Accurate, scalable, and fully automated inference of species trees from raw genome assemblies using ROADIES
Confirmed Presenter: Anshu Gupta, Department of Computer Science and Engineering, University of California San Diego
Track: EvolCompGen
Room: 518
Format: Live Stream
Moderator(s): Lars Arvestad
Authors List: Show
- Anshu Gupta, Anshu Gupta, Department of Computer Science and Engineering
- Siavash Mirarab, Siavash Mirarab, Department of Electrical and Computer Engineering
- Yatish Turakhia, Yatish Turakhia, Department of Electrical and Computer Engineering
Presentation Overview:Show
Species tree inference is crucial in advancing our understanding of evolutionary relationships of life on Earth and has immense significance for diverse biological and medical applications. Extensive genome sequencing efforts are currently in progress across a broad spectrum of life forms, unraveling intricate branching patterns within the tree of life. However, estimating species trees starting from raw genome sequences is quite challenging, and the current cutting-edge methodologies require a series of error-prone steps involving gene annotations, orthology inference, and accounting for gene tree discordances, which are neither entirely automated nor standardized and require substantial human intervention.

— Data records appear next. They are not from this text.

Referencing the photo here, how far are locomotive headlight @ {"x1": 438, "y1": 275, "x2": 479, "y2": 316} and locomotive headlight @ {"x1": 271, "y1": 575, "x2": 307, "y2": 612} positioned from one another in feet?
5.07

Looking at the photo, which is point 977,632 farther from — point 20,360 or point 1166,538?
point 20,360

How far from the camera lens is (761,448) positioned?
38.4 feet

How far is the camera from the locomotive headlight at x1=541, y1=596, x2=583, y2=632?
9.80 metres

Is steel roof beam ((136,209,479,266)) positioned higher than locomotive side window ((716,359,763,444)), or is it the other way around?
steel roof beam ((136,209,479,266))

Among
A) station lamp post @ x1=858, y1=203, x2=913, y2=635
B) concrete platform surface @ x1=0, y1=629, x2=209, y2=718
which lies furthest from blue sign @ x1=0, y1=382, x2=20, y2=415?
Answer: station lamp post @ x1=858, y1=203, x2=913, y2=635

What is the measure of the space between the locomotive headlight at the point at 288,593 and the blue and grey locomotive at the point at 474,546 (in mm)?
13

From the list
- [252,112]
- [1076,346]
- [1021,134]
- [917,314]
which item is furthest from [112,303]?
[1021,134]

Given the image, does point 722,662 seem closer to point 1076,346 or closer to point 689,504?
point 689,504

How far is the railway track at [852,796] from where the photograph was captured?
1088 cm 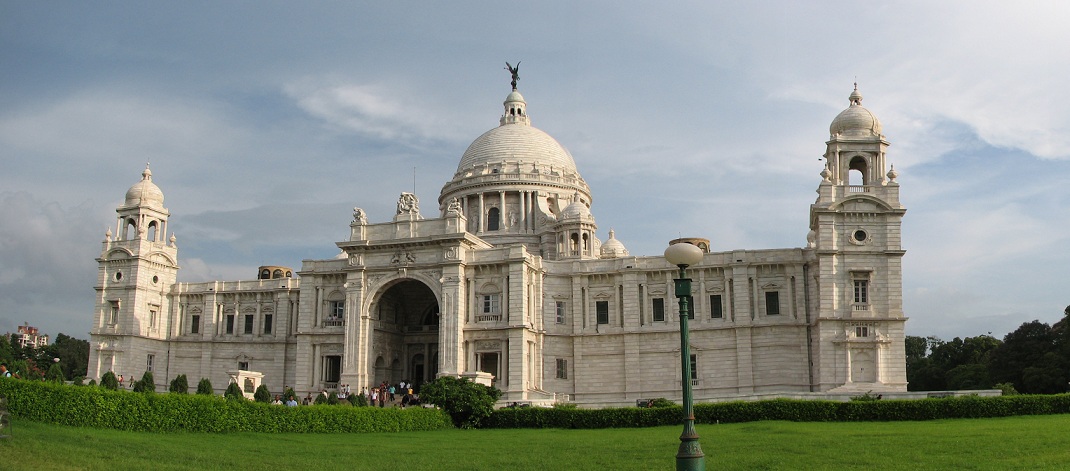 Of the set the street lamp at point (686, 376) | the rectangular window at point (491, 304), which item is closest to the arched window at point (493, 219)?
the rectangular window at point (491, 304)

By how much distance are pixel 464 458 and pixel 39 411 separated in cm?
1280

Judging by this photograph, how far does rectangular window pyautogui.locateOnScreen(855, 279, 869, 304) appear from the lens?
186 ft

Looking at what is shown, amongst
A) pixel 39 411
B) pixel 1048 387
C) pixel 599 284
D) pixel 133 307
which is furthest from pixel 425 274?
pixel 1048 387

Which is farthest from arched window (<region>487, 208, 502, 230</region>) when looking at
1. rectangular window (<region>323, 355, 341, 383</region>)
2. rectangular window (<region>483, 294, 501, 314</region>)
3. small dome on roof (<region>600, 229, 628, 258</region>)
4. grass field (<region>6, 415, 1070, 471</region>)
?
grass field (<region>6, 415, 1070, 471</region>)

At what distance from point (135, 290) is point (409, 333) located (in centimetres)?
2096

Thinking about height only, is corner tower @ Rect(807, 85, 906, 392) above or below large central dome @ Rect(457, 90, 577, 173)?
below

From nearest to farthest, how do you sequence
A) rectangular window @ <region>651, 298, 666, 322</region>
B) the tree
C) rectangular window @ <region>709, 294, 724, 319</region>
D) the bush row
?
the bush row, rectangular window @ <region>709, 294, 724, 319</region>, rectangular window @ <region>651, 298, 666, 322</region>, the tree

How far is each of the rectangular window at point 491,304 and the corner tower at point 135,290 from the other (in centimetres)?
2797

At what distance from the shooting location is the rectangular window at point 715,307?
2500 inches

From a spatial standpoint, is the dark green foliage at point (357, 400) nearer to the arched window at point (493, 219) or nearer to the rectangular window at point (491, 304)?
the rectangular window at point (491, 304)

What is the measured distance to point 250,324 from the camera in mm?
76188

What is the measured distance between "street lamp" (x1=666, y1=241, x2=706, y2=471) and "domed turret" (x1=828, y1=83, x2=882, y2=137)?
41.0m

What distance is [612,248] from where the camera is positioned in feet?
254

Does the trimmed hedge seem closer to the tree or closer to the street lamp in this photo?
the street lamp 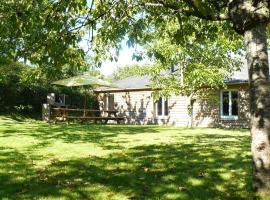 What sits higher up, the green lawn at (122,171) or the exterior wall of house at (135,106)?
the exterior wall of house at (135,106)

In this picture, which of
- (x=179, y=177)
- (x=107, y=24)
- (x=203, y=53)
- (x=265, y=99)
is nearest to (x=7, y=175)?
(x=179, y=177)

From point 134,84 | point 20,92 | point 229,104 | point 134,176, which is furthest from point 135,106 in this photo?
point 134,176

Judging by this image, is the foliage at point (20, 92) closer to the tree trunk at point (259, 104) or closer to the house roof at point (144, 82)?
the house roof at point (144, 82)

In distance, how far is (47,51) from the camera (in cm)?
693

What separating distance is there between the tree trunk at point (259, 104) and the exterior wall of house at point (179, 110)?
19.4 m

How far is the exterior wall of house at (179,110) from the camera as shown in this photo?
2548cm

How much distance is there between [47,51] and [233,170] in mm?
4092

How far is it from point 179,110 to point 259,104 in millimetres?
22923

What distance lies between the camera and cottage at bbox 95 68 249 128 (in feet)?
83.7

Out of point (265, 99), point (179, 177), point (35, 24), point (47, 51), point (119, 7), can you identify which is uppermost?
point (119, 7)

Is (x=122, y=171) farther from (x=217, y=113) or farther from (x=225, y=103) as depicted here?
(x=225, y=103)

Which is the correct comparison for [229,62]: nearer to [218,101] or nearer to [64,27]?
[218,101]

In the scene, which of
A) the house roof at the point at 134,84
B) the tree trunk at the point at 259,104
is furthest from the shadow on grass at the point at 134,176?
the house roof at the point at 134,84

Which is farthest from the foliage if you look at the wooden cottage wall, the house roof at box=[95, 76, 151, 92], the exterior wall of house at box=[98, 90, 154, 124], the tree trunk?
the tree trunk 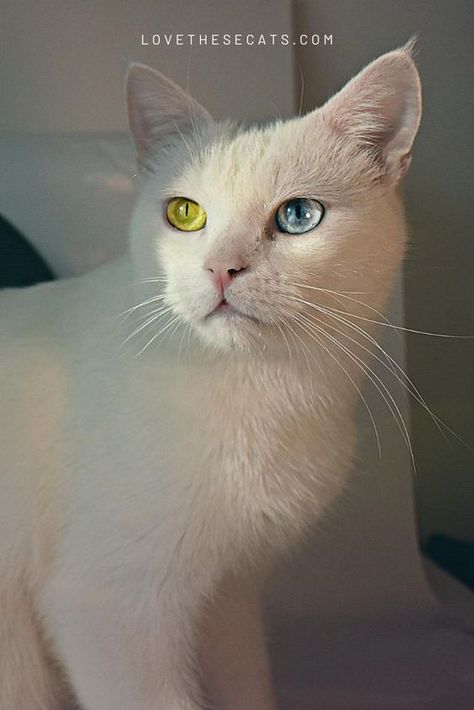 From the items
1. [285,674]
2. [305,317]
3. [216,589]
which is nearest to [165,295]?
[305,317]

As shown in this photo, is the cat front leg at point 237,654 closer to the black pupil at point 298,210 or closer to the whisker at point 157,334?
the whisker at point 157,334

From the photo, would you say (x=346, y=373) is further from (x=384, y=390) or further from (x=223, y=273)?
(x=223, y=273)

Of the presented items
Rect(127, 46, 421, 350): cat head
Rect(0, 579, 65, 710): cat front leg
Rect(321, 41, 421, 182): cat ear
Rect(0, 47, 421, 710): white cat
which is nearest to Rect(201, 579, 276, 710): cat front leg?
Rect(0, 47, 421, 710): white cat

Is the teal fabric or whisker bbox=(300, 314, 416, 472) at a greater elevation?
the teal fabric

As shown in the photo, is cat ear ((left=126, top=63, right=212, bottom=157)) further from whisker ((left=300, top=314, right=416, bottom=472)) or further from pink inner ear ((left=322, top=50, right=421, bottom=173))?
whisker ((left=300, top=314, right=416, bottom=472))

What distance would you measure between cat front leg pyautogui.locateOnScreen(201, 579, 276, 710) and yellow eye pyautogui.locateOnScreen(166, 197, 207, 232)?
0.33m

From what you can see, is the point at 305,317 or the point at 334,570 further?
the point at 334,570

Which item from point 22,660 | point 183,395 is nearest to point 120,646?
point 22,660

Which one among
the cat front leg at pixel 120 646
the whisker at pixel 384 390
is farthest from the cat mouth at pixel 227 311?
the cat front leg at pixel 120 646

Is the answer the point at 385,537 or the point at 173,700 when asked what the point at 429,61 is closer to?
the point at 385,537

Therefore, we present ROADIES, a novel pipeline for species tree inference from raw genome assemblies that is fully automated, easy to use, scalable, free from reference bias, and provides flexibility to adjust the tradeoff between accuracy and runtime. The ROADIES pipeline eliminates the need to align whole genomes, choose a single reference species, or pre-select loci such as functional genes found using cumbersome annotation steps. Moreover, it leverages recent advances in phylogenetic inference to allow multi-copy genes, eliminating the need to detect orthology. Using genomic datasets released from large-scale sequencing consortia (Birds 10K Genome Project, Zoonomia) across three diverse life forms (placental mammals, pomace flies, and birds), ROADIES infers species trees that are comparable in quality with the state-of-the-art approaches while achieving >100x speedup compared to the conventional pipelines. ROADIES supports various modes of operation and is expected to improve the accuracy, speed, scalability, and reproducibility of phylogenomic analyses.